The Federal Tax Authority (FTA) may forcibly deregister registered persons in specific cases if deemed necessary.
  • The amendments were made are in line with international best practice in light of the GCC Unified VAT Agreement
  • They are based on past experiences, challenges faced by various business sectors as well as the recommendations received from the relevant parties

Abu Dhabi, UAE— The UAE Ministry of Finance announced amendments to some provisions of the Federal Decree-Law No. 8 of 2017 on Value Added Tax (VAT), which will be effective from 1st January, 2023.

The amendments were made are in line with international best practice in light of the GCC Unified VAT Agreement.

They are based on past experiences, challenges faced by various business sectors as well as the recommendations received from the relevant parties.

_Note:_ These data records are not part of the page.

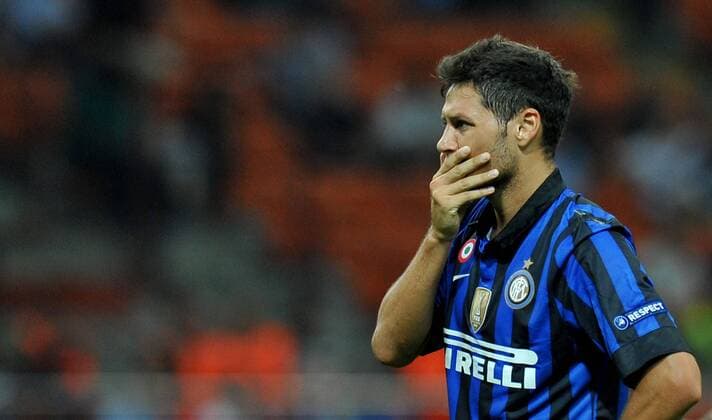 Mauro ZARATE (Inter) Milano 14 9 2011 Stadio Giuseppe Meazza Serie A 2011 2012 UEFA Champions League Football Calcio Inter Vs Trabzonspor allexsabba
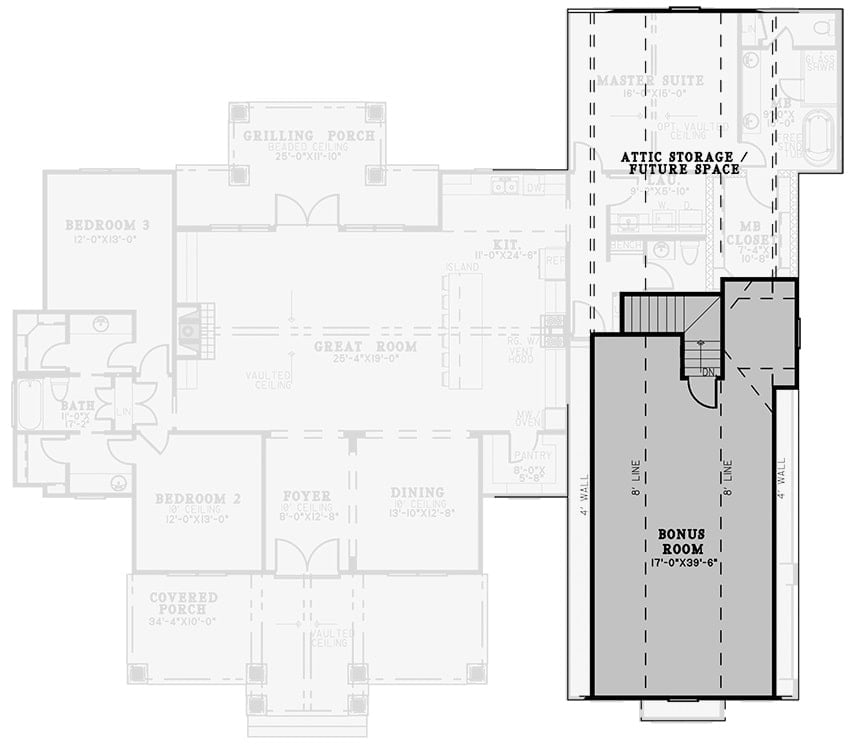 二层平面图有一个阁楼储藏室和车库上方的奖励房间。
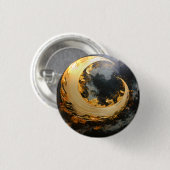 Zwarte Goud Abstracte Draaikolk Moderne Maan Ronde Button 3,2 Cm (Voorkant /achterkant)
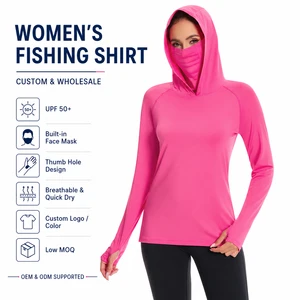 Custom Women Fishing Shirts UPF 50+ Sun Protection Lightweight Breathable Quick Dry Hooded Fishing Clothing Wholesale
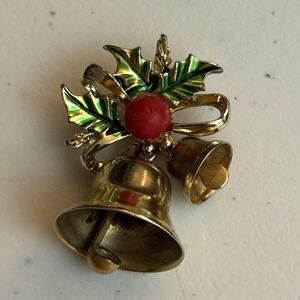 Vintage Gerry's Christmas Bells Brooch Gold Tone Red Berry Green Enamel‎ Leaves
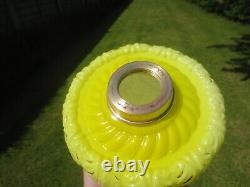 Antique Victorian Yellow Glass Duplex Oil Lamp Fount Font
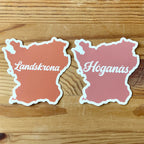 Nyssa Skåneorter sticker featuring colorful map design of Skåne regions, ideal for decorating notebooks or laptops.
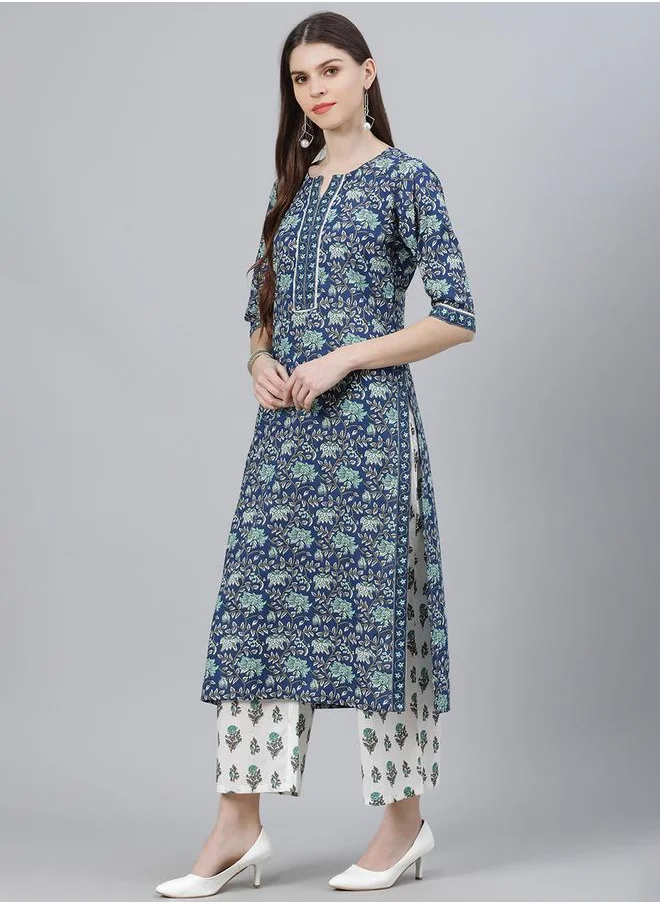 لباس All-Over Print Straight Kurta and Palazzo with Solid Dupatta Set by Styli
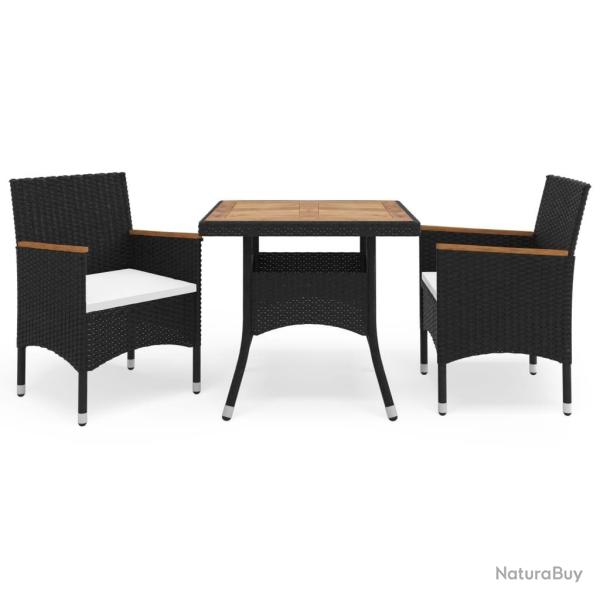 Ensemble � manger de jardin 3 pcs Noir R�sine tress�e et acacia alsavelo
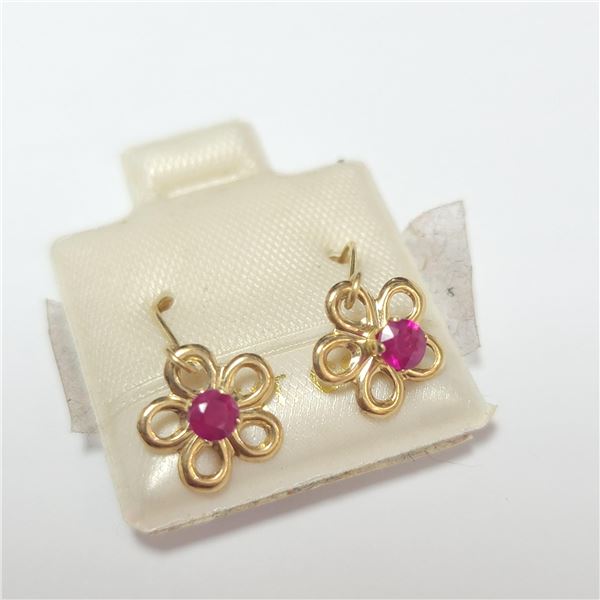 BZ390-148 14K  RUBY EARRINGS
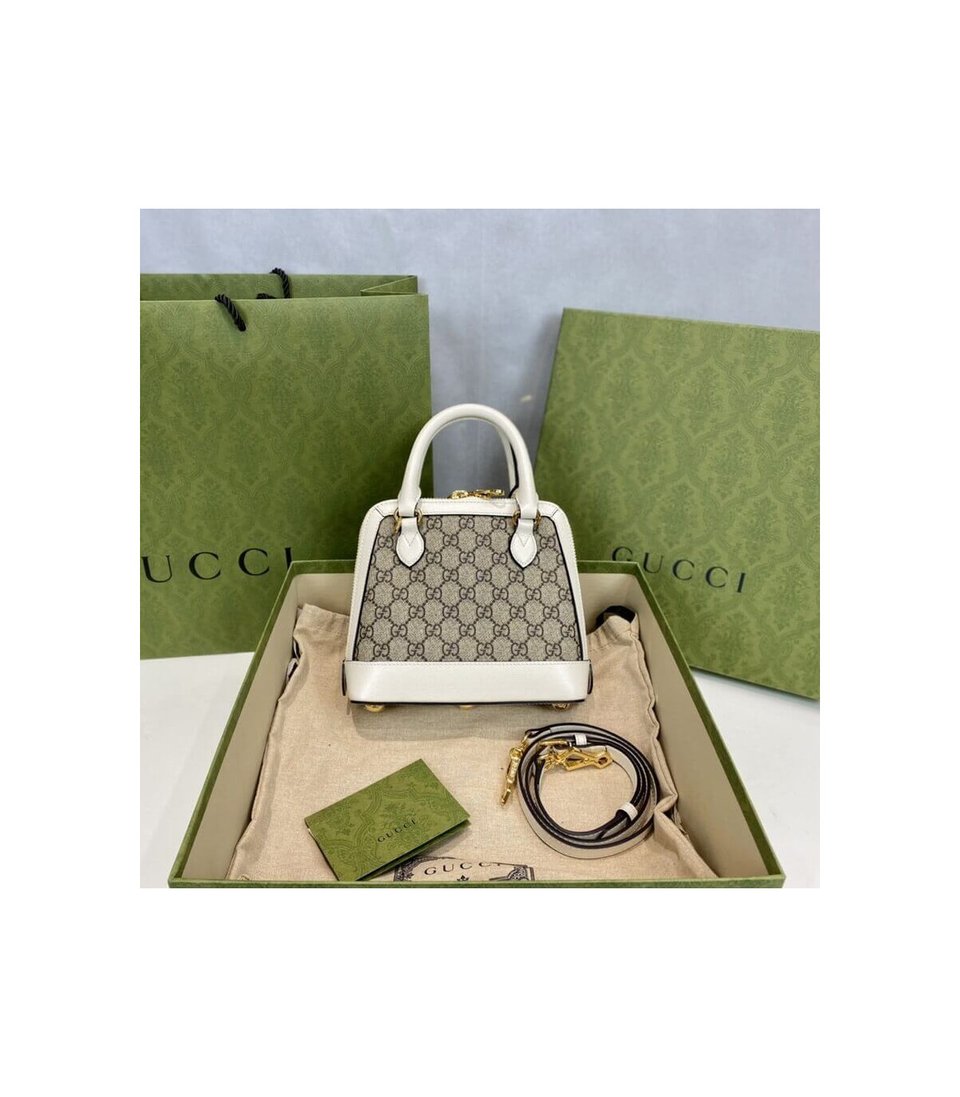 Gucci Horsebit 1955 Mini Top Handle Bag In White GG Supreme Canvas 20cm/ 7.9in view 10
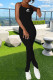 Black Fashion Sportswear Print Letter Spaghetti Strap Jumpsuits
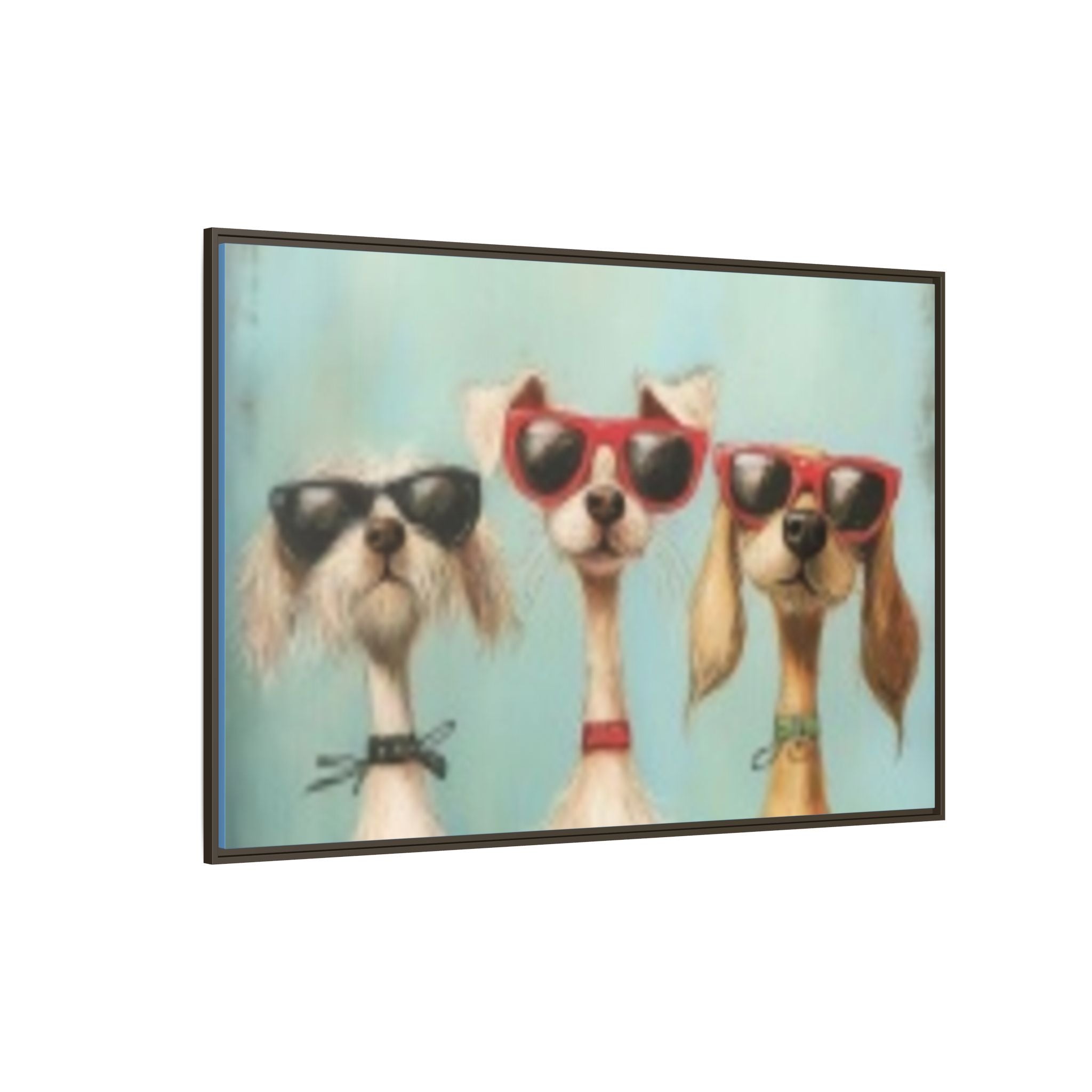 Framed Matte Canvas — Three Cool Dogs in Sunglasses Wall Art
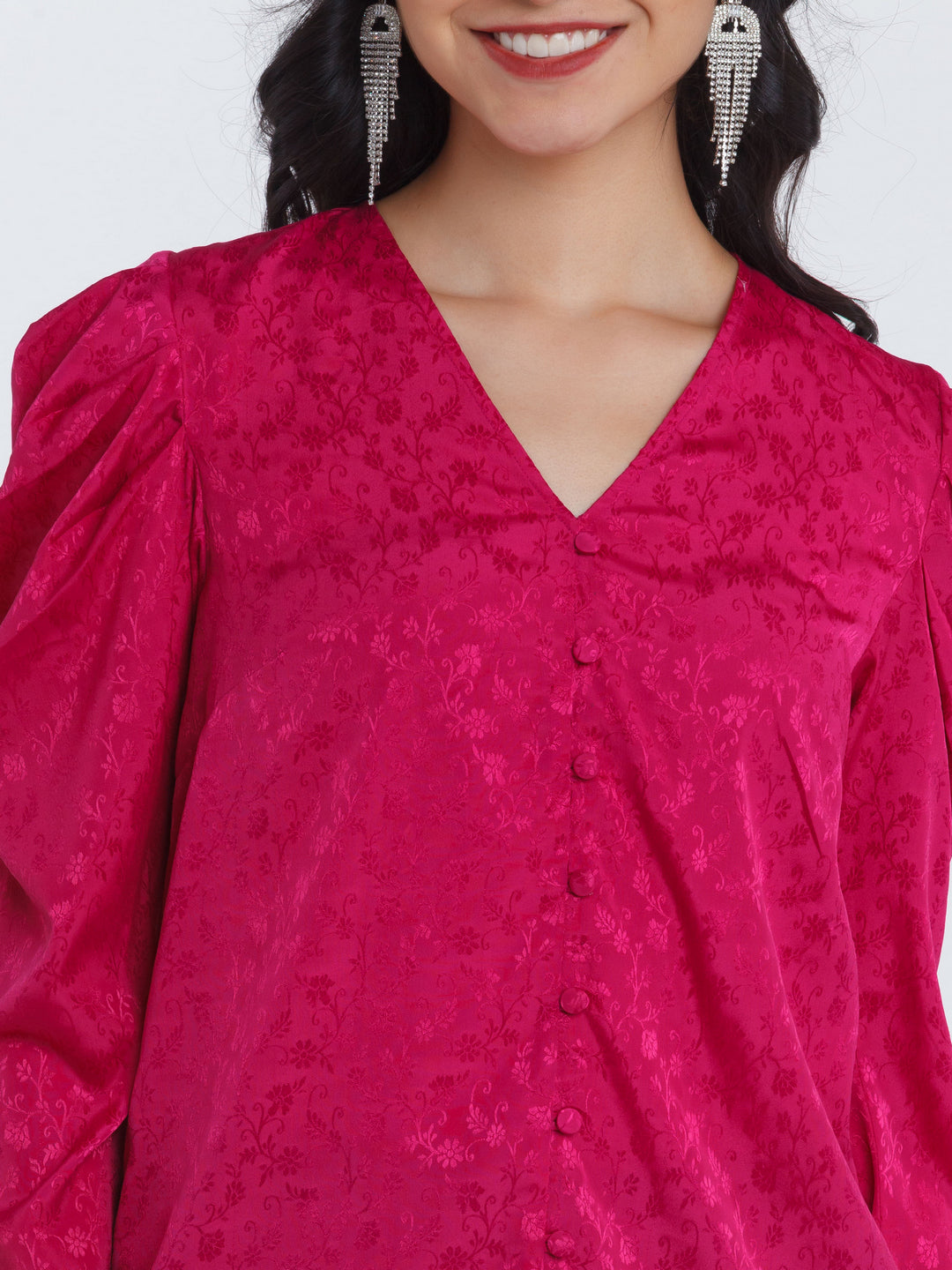 Magenta Self Design Puff Sleeve Top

Some of the major amendments introduced by the Federal Decree-Law No. 18 of 2022 on the Amendment of Some Provisions of the Federal Decree-Law No. 8 of 2017 on VAT include the following:

– Registered persons who make taxable supplies are allowed to apply for an exception from VAT registration if all of their supplies are zero-rated or if they no longer make any supplies other than zero-rated supplies.
– Setting a 14-day period to issue a tax credit note to settle output tax, in line with the time frame set for issuing tax invoices.
– The Federal Tax Authority (FTA) may forcibly deregister registered persons in specific cases if deemed necessary.

Furthermore, the Decree-Law includes amendments to certain provisions to clarify and confirm the intended meaning of the text; to rephrase; or to improve the legislative sequence of legal provisions.